(Stored data Opens)

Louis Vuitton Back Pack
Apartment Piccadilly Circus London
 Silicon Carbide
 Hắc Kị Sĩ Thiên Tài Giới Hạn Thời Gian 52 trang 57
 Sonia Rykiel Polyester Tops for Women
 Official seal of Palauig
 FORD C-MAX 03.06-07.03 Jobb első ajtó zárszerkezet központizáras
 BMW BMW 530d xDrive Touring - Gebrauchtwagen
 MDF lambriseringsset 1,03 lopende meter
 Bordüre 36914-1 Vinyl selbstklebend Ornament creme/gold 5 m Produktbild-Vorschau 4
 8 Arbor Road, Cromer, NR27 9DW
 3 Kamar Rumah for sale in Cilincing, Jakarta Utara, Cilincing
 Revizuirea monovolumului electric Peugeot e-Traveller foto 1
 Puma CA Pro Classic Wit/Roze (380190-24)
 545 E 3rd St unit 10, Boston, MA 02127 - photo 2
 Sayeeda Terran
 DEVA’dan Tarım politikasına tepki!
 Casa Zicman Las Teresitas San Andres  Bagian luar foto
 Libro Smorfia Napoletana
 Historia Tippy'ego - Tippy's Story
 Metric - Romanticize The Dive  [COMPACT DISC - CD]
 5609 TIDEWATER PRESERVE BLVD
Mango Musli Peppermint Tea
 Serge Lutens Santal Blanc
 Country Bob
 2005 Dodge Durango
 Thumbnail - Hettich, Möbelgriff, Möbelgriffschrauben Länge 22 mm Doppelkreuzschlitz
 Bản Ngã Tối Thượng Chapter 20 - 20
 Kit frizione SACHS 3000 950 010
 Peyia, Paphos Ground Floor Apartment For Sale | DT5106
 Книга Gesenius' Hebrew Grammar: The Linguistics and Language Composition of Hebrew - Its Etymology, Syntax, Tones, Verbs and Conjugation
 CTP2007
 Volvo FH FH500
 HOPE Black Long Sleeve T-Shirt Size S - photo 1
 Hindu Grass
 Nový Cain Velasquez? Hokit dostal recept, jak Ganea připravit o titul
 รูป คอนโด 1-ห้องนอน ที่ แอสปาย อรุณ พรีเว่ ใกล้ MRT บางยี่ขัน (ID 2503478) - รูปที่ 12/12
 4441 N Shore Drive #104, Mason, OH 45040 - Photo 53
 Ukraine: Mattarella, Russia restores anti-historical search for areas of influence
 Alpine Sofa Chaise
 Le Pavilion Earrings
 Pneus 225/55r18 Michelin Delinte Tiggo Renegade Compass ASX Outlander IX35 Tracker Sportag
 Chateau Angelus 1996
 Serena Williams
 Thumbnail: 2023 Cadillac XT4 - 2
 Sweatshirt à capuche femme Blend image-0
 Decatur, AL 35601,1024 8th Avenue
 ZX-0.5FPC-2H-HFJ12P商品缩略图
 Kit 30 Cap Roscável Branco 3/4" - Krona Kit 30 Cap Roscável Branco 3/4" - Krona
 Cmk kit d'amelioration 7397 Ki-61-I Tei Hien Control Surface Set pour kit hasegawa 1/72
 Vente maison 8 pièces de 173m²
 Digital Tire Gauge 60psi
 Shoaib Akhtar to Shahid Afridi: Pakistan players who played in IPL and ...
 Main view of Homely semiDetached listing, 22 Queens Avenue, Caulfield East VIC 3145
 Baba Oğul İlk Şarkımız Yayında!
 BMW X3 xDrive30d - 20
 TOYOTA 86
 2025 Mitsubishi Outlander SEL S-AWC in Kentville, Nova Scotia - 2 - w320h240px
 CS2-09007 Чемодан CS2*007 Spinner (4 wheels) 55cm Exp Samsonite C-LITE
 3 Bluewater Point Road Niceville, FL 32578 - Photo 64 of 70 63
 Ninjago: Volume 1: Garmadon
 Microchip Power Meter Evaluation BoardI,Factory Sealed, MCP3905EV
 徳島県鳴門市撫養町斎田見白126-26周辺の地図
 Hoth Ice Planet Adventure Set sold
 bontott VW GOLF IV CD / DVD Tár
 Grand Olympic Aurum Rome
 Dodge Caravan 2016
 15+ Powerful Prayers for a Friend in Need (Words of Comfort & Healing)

(Stored data Closes)

* _What the exercise asks_
Write out exactly the lines that begin at the one containing "Baba Oğul İlk Şarkımız Yayında!" and continue through the last line of the data, and only those.

* _Answer box_
 Baba Oğul İlk Şarkımız Yayında!
 BMW X3 xDrive30d - 20
 TOYOTA 86
 2025 Mitsubishi Outlander SEL S-AWC in Kentville, Nova Scotia - 2 - w320h240px
 CS2-09007 Чемодан CS2*007 Spinner (4 wheels) 55cm Exp Samsonite C-LITE
 3 Bluewater Point Road Niceville, FL 32578 - Photo 64 of 70 63
 Ninjago: Volume 1: Garmadon
 Microchip Power Meter Evaluation BoardI,Factory Sealed, MCP3905EV
 徳島県鳴門市撫養町斎田見白126-26周辺の地図
 Hoth Ice Planet Adventure Set sold
 bontott VW GOLF IV CD / DVD Tár
 Grand Olympic Aurum Rome
 Dodge Caravan 2016
 15+ Powerful Prayers for a Friend in Need (Words of Comfort & Healing)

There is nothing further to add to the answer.